In many jurisdictions where the decriminalisation of assisted dying is debated, proponents of decriminalisation hasten to add that they would, of course, exclude patients that suffer from depression.  This may be a political move aimed at increasing the societal acceptability of assisted dying, but it is unjust towards patients suffering from treatment-resistant depression.  Many lay-people, and even doctors and nurses, fail to acknowledge the severe suffering that comes with depression.  Patients who suffer from long-term treatment resistant depression are not just ‘feeling a bit low’.  As the quotation above shows, these people really suffer existentially, and because their depression has proven to be untreatable (often over the course of decades) there is no relief for their suffering.

Treatment-resistant depressed people’s suffering is in some sense even worse than that of the patients who suffers from end-stage cancer, or other uncontroversially somatic ailment, since these patients know that they will die soon even if their request for assisted dying is not granted.  Often the only way out for treatment-resistant depressed patients is to end their suffering by means of committing suicide, often in a gruesome manner, if no humane alternatives are offered.  Major depressive disorder and bipolar mood disorder are reportedly the main drivers underlying about 60% of the estimated 800,000 annual suicides globally.  In addition to the hopelessness depressed patients feel, they often encounter a resistance from their psychiatrist to discuss the options of a death as a way out of their suffering.  This impossibility to discuss possible ways to achieve a good death, only adds to their loneliness and desperation.

We argue in our paper that assisted dying should be made available as an option to patients with treatment resistant depression, as much as it ought to be available to other patients that suffer unbearably and hopelessly.  We propose competence as a threshold criterion, this would exclude patients in a psychotic state.

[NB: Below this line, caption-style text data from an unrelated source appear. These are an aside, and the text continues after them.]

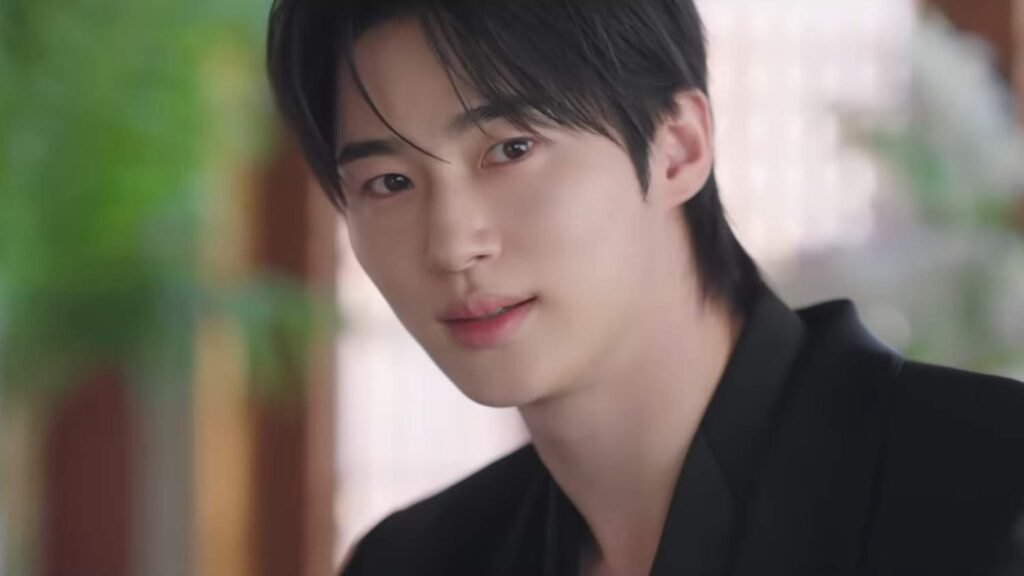 Byeon Woo Seok as Grand Prince Yi An perfect Crown 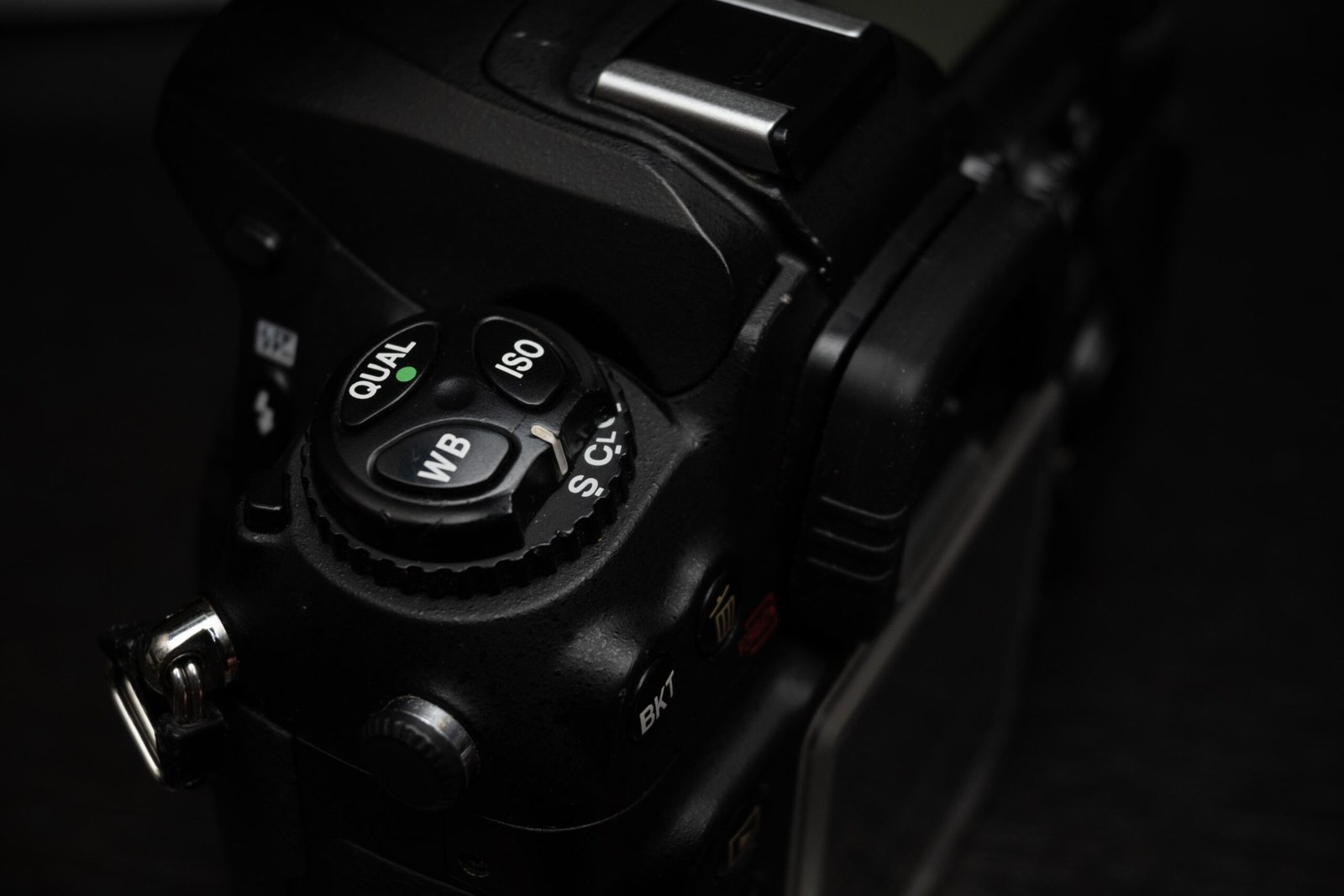 nikon d200 back plate top showing control dial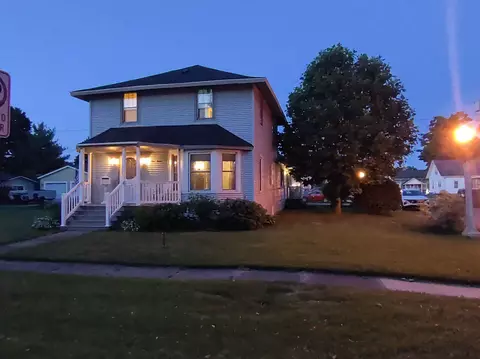 112 Michigan Ave, Sturgis, MI 49091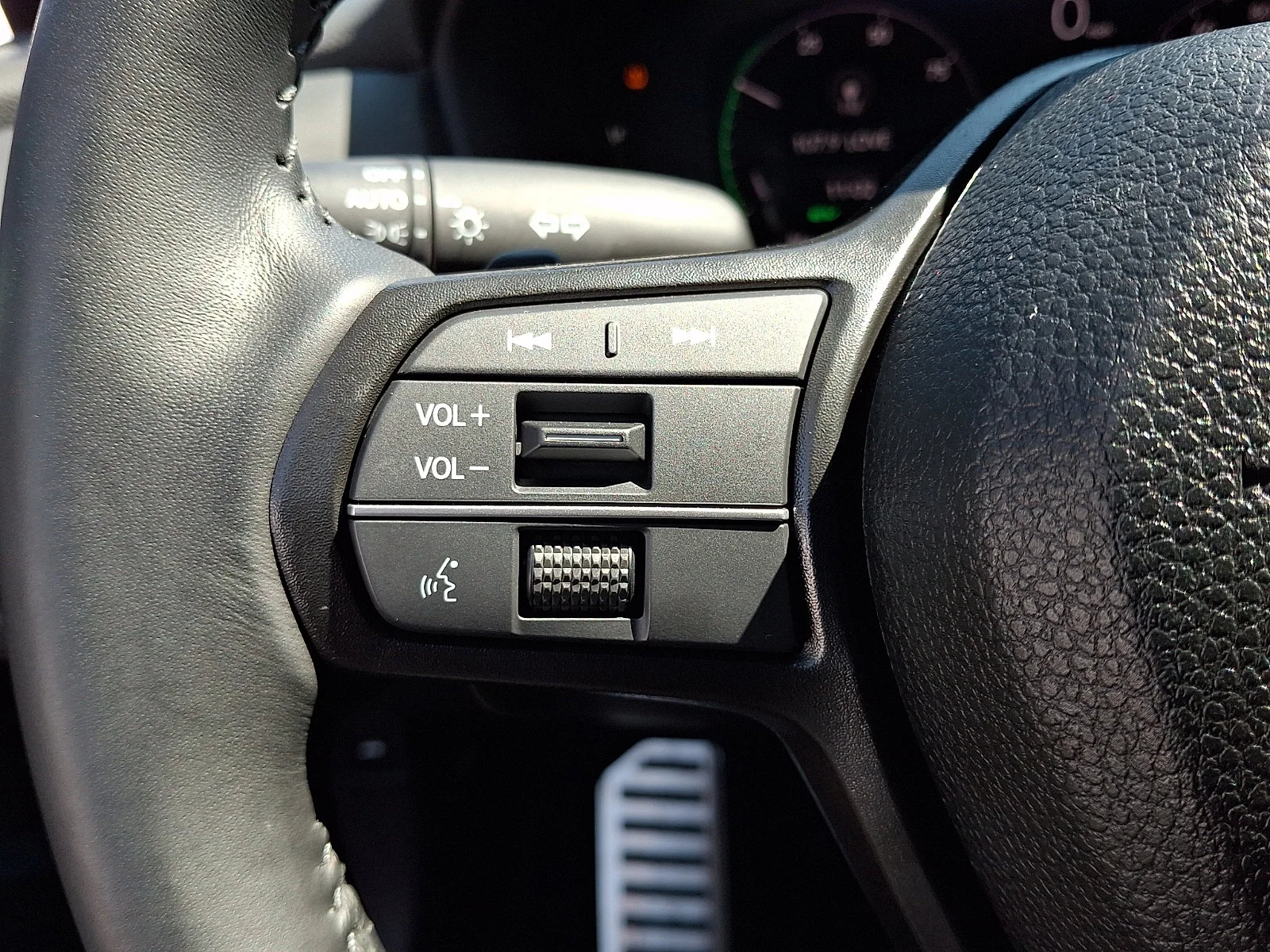 Certified Used 2024 Still Night Pearl Honda Sport image 20
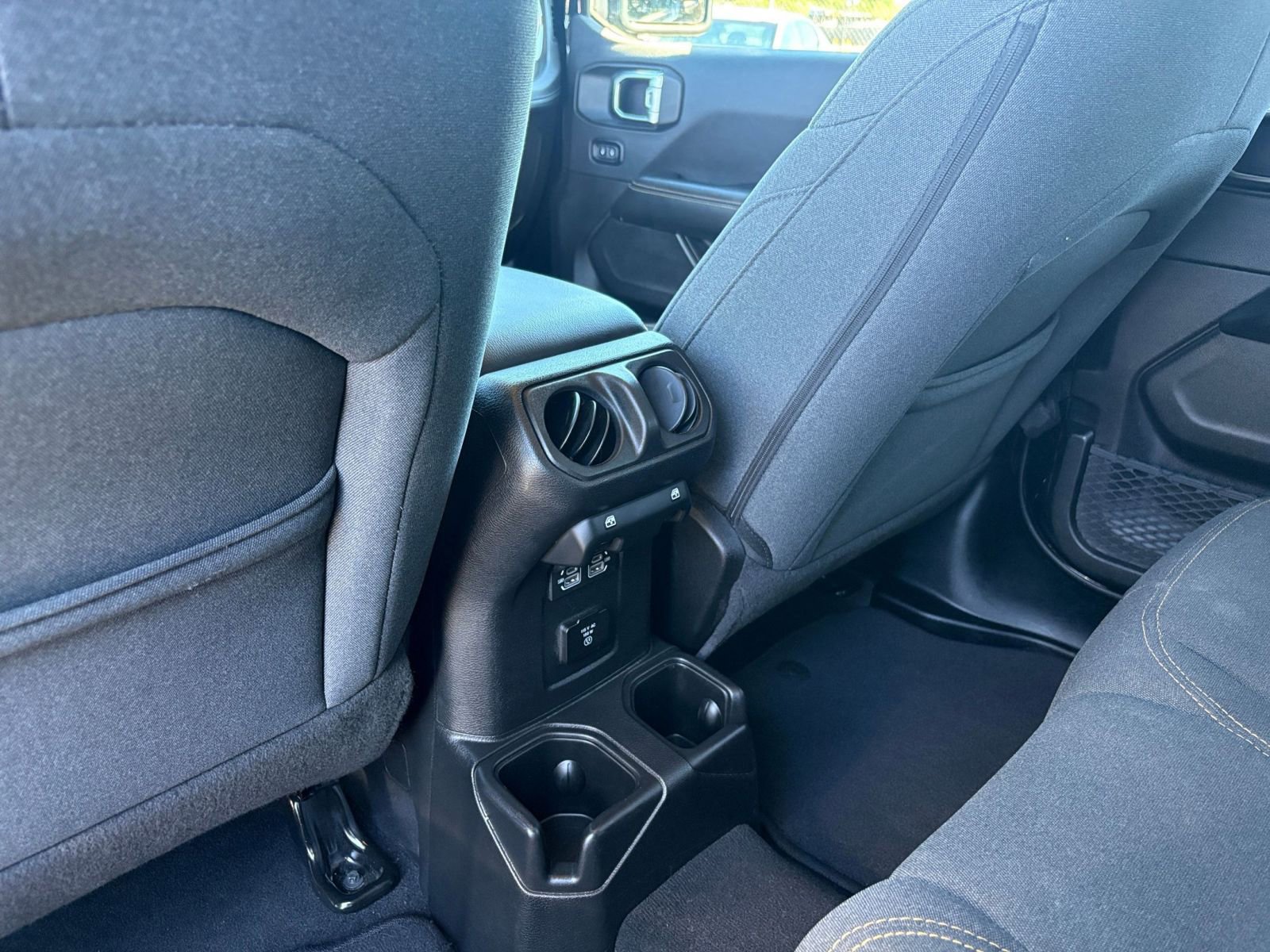 Used 2025 Jeep Wrangler Sahara AWD/4WD image 22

We expect that being able to discuss the possibility of a humane end-of–life with their doctors will help these patients to cope better with their depression.  The knowledge that they will no longer have to bear it, once they decide it is too much, may in itself be therapeutic.  This in turn may well prevent violent deaths that leave their relatives, friends and even completely random bystanders distraught.  At the same time a public discussion about mental illness, including depression will contribute toward misperceptions of psychiatric diseases as something “not real”.  Suffering from psychiatric disease is very real, and should be acknowledged as such.  For some patients this suffering will be so severe, so debilitating, that not-to-live is the better alternative.  It is unjust to deny them the peaceful death we are willing to grant other competent patients whose lives have become not worth living to them, in their best considered judgment.